[[ SOURCE MATERIAL, beginning ]]

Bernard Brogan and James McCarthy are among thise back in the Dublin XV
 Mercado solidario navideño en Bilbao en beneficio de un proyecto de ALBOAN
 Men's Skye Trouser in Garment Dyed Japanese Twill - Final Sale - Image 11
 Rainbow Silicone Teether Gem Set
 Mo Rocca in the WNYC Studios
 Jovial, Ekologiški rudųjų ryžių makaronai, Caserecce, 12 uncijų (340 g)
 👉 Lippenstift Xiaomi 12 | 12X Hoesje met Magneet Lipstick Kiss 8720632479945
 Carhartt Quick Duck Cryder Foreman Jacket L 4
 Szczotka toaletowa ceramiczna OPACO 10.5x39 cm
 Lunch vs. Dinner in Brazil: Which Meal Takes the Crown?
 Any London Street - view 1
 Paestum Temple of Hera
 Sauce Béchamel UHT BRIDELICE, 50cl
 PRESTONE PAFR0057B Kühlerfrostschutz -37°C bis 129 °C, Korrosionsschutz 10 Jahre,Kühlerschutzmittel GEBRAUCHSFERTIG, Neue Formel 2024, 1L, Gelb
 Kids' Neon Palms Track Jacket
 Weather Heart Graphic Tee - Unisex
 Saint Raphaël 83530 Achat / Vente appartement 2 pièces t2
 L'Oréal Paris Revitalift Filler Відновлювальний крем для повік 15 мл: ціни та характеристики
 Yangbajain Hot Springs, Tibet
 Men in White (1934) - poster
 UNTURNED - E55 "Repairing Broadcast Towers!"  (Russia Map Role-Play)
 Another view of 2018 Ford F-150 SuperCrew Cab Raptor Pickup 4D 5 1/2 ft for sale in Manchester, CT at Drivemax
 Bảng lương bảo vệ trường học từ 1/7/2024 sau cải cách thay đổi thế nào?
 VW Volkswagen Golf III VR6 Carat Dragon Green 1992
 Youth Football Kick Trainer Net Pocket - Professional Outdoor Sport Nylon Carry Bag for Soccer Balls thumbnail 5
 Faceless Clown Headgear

[[ SOURCE MATERIAL, end ]]

### EXERCISE PROMPT
The reply must hold exactly the lines from the one containing "Any London Street - view 1" to the last line of the entries, and nothing more.

### RESULT OF THE EXERCISE
 Any London Street - view 1
 Paestum Temple of Hera
 Sauce Béchamel UHT BRIDELICE, 50cl
 PRESTONE PAFR0057B Kühlerfrostschutz -37°C bis 129 °C, Korrosionsschutz 10 Jahre,Kühlerschutzmittel GEBRAUCHSFERTIG, Neue Formel 2024, 1L, Gelb
 Kids' Neon Palms Track Jacket
 Weather Heart Graphic Tee - Unisex
 Saint Raphaël 83530 Achat / Vente appartement 2 pièces t2
 L'Oréal Paris Revitalift Filler Відновлювальний крем для повік 15 мл: ціни та характеристики
 Yangbajain Hot Springs, Tibet
 Men in White (1934) - poster
 UNTURNED - E55 "Repairing Broadcast Towers!"  (Russia Map Role-Play)
 Another view of 2018 Ford F-150 SuperCrew Cab Raptor Pickup 4D 5 1/2 ft for sale in Manchester, CT at Drivemax
 Bảng lương bảo vệ trường học từ 1/7/2024 sau cải cách thay đổi thế nào?
 VW Volkswagen Golf III VR6 Carat Dragon Green 1992
 Youth Football Kick Trainer Net Pocket - Professional Outdoor Sport Nylon Carry Bag for Soccer Balls thumbnail 5
 Faceless Clown Headgear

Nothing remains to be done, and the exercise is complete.